======== Data

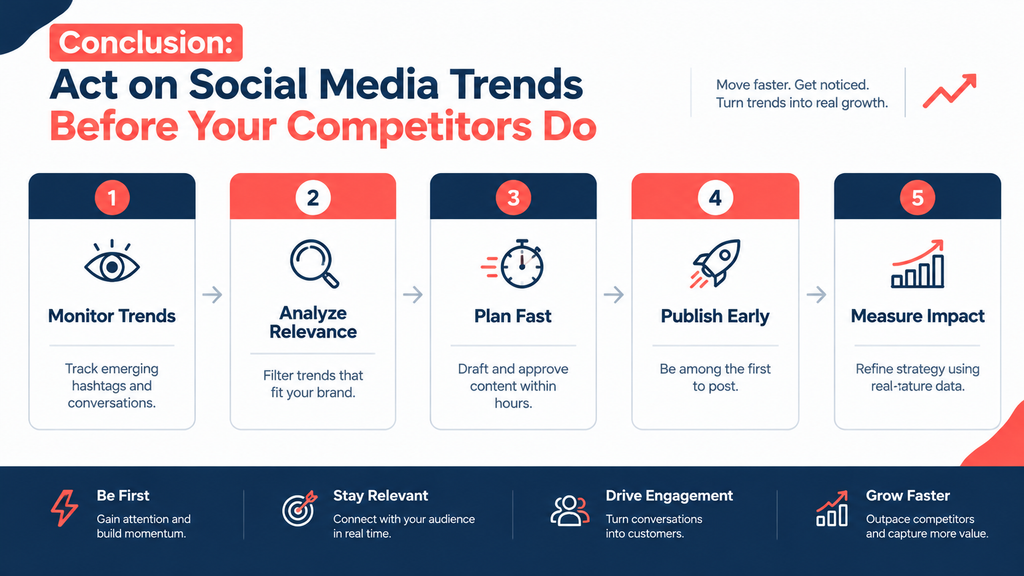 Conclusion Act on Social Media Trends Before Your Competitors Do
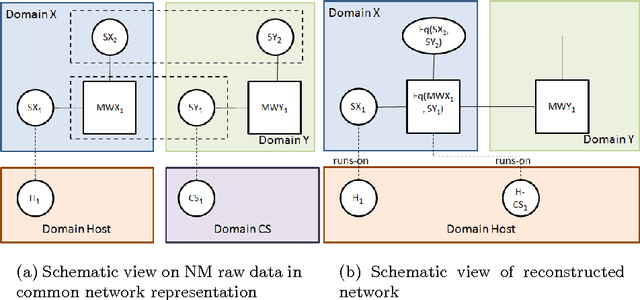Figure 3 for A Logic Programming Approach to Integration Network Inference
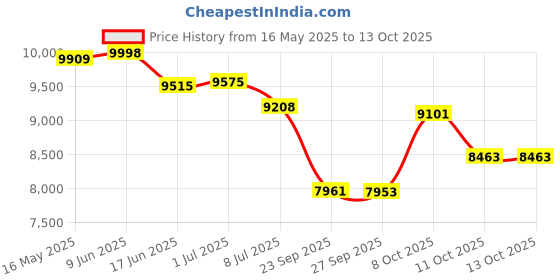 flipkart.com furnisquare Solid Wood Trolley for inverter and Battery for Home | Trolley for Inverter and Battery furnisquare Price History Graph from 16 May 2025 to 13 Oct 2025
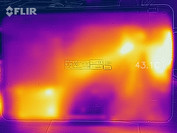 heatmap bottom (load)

================

Directions for this task
Please transcribe exactly the lines from the one containing "flipkart.com furnisquare Solid" through the final line of the data, including both, and nothing else. Pictures are to be left out.

Result below
 flipkart.com furnisquare Solid Wood Trolley for inverter and Battery for Home | Trolley for Inverter and Battery furnisquare Price History Graph from 16 May 2025 to 13 Oct 2025
 heatmap bottom (load)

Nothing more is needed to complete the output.